Published: 04th May 2018 03:15 AM | Last Updated: 04th May 2018 05:13 AM | A+A A-

Image for representational purpose only. (Photo | PTI)
MUMBAI: Less than 18-months after demonetisation, the cash-to-GDP ratio is back to the levels seen before the ban on high-denomination currency notes announced in November 2016. As a percentage of GDP, currency in circulation was at 11.3 per cent as on April 27. This is close to the pre-demonetisation levels of 11.5-12 per cent of GDP, according to Nomura Global Research. Prior to the note ban, currency in circulation stood at Rs 17.98 lakh crore, or close to 12 per cent of GDP.
“A number of factors have contributed to the rise. The initial pick-up in 2017 was largely due to remonetisation. More recently, increased demand for cash is likely due to factors such as faster pick-up in nominal activity and the upcoming elections in Karnataka,” Nomura said in a note issued on Thursday.
A high cash-to-GDP ratio implies that more transactions are being carried out using physical currency.
The absence of cash hoarding and increased adoption of digital payments alternatives would have helped in reducing the cash component in the economy, but “current trends look to have belied those expectations”, Nomura said.
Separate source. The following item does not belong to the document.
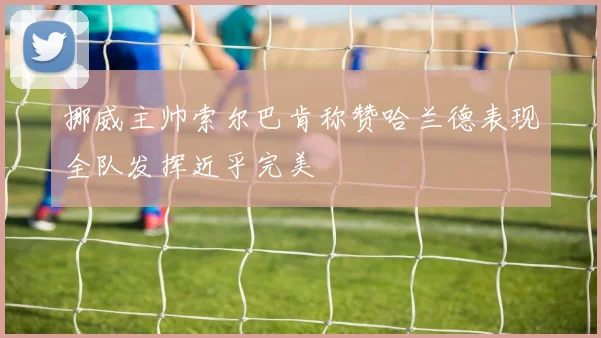 挪威主帅索尔巴肯称赞哈兰德表现全队发挥近乎完美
The latest data from RBI show that currency in circulation is now at Rs 19 lakh crore. In fact, the central bank has been pumping more money into the system over the last few weeks.
While the weekly growth of additional currency coming into circulation was at an average 0.6 per cent between January and March, April saw rapid growth, clearly to make up for the cash shortage and rising demand.
For instance, between April 20 and 27, currency in circulation grew by 4 per cent. A week before, it was over 3 per cent.